Alpha(1)-microglobulin is a 26-kd protein, widespread in plasma and tissues and well-conserved among vertebrates. Alpha(1)-microglobulin belongs to the lipocalins, a protein superfamily with highly conserved 3-dimensional structures, forming an internal ligand binding pocket. The protein, isolated from urine, has a heterogeneous yellow-brown chromophore bound covalently to amino acid side groups around the entrance of the lipocalin pocket. Alpha(1)-microglobulin is found in blood both in free form and complex-bound to immunoglobulin A (IgA) via a half-cystine residue at position 34. It is shown here that an alpha(1)-microglobulin species, which we name t-alpha(1)-microglobulin (t = truncated), with a free Cys34 thiol group, lacking its C-terminal tetrapeptide, LIPR, and with a more polar environment around the entrance of the lipocalin pocket, is released from IgA-alpha(1)-microglobulin as well as from free alpha(1)-microglobulin when exposed to the cytosolic side of erythrocyte membranes or to purified oxyhemoglobin.

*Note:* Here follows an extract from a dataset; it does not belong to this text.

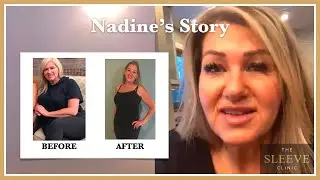 Nadine’s Journey To Losing 56 lbs With The Sleeve Clinic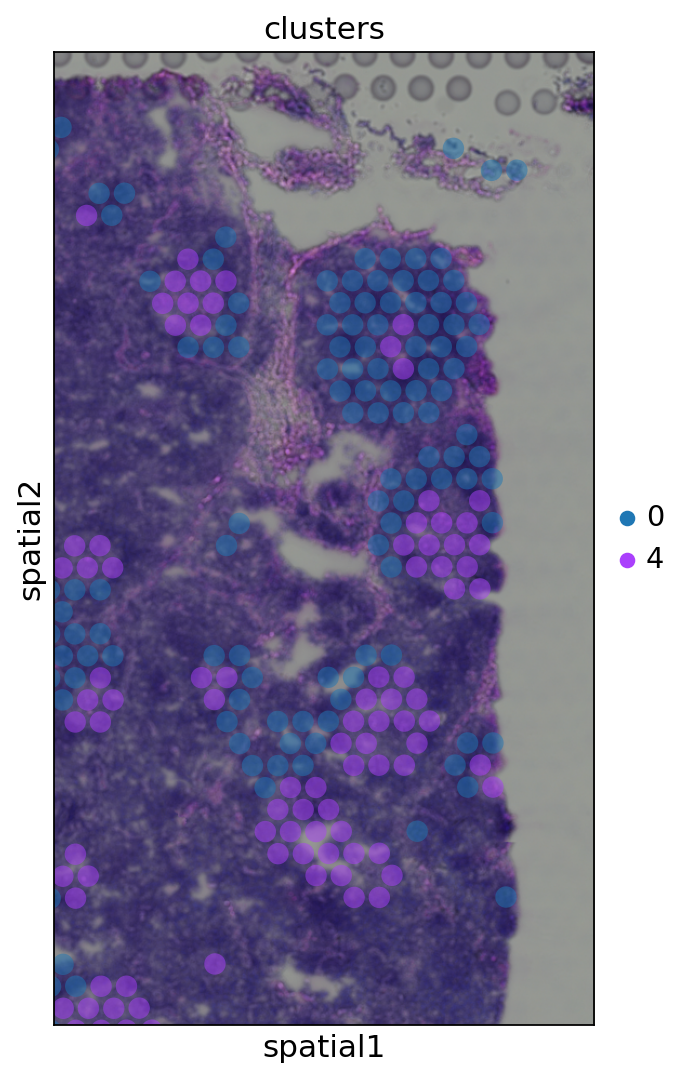 ../_images/notebooks_VisiumSpatialTranscriptomics_27_0.png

The processed t-alpha(1)-microglobulin binds heme and the alpha(1)-microglobulin-heme complex shows a time-dependent spectral rearrangement, suggestive of degradation of heme concomitantly with formation of a heterogeneous chromophore associated with the protein. The processed t-alpha(1)-microglobulin is found in normal and pathologic human urine, indicating that the cleavage process occurs in vivo. The results suggest that alpha(1)-microglobulin is involved in extracellular heme catabolism.